WORK REQUEST =>
Restate word for word the lines of the entries below, starting with the line that holds "Ông Nguyễn Văn" and ending with the line that holds "1/24 BMW X7 SESLİ IŞIKLI METAL ARABA", and no others.
<<<<
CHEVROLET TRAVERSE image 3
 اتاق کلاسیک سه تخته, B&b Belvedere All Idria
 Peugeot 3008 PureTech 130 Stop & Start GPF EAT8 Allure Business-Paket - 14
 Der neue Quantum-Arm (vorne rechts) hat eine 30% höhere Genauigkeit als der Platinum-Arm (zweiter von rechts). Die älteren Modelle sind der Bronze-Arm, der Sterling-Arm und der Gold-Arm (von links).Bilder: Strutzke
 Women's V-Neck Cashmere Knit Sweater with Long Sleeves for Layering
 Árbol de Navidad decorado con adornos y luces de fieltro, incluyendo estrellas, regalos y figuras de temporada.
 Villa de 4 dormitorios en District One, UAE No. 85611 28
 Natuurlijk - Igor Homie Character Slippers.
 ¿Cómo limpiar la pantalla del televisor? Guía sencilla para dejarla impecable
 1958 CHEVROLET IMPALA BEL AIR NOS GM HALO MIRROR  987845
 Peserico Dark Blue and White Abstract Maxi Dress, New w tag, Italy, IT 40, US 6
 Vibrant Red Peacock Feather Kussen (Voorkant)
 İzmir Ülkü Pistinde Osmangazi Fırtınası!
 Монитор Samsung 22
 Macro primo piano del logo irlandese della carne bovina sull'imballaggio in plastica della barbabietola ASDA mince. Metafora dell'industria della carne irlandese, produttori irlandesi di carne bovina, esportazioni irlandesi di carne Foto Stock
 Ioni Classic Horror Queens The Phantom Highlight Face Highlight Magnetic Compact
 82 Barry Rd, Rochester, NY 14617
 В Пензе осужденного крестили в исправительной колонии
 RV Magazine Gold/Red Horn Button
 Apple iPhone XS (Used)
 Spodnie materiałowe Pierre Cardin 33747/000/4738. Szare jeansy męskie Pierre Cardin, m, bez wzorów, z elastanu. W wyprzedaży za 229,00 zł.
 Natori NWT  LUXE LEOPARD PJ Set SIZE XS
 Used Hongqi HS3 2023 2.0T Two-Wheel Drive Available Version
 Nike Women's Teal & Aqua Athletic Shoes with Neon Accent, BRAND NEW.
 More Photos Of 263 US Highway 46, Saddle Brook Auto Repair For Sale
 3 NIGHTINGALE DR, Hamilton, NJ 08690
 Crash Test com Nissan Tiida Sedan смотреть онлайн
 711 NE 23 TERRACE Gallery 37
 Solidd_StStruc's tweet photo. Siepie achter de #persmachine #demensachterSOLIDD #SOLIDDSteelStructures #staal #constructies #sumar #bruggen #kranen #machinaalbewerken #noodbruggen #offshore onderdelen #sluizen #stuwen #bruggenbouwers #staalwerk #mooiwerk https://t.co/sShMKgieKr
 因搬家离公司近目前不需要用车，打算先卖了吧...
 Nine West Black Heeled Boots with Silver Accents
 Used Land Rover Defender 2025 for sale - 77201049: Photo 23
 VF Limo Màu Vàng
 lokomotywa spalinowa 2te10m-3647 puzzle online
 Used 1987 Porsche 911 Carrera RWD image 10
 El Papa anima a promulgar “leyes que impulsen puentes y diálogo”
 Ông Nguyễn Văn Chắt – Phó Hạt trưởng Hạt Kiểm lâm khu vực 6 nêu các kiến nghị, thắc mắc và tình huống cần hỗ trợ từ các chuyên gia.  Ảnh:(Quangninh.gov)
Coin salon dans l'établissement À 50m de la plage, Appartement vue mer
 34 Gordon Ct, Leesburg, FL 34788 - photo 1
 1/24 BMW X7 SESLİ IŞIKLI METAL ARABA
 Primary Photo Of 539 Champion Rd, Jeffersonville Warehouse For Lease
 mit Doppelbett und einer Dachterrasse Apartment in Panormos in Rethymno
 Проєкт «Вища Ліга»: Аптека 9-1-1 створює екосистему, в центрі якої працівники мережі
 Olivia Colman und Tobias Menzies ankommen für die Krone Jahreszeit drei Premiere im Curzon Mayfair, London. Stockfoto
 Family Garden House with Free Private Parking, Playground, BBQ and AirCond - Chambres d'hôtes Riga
>>>>
RESPONSE FOR THIS EXERCISE =>
 Ông Nguyễn Văn Chắt – Phó Hạt trưởng Hạt Kiểm lâm khu vực 6 nêu các kiến nghị, thắc mắc và tình huống cần hỗ trợ từ các chuyên gia.  Ảnh:(Quangninh.gov)
Coin salon dans l'établissement À 50m de la plage, Appartement vue mer
 34 Gordon Ct, Leesburg, FL 34788 - photo 1
 1/24 BMW X7 SESLİ IŞIKLI METAL ARABA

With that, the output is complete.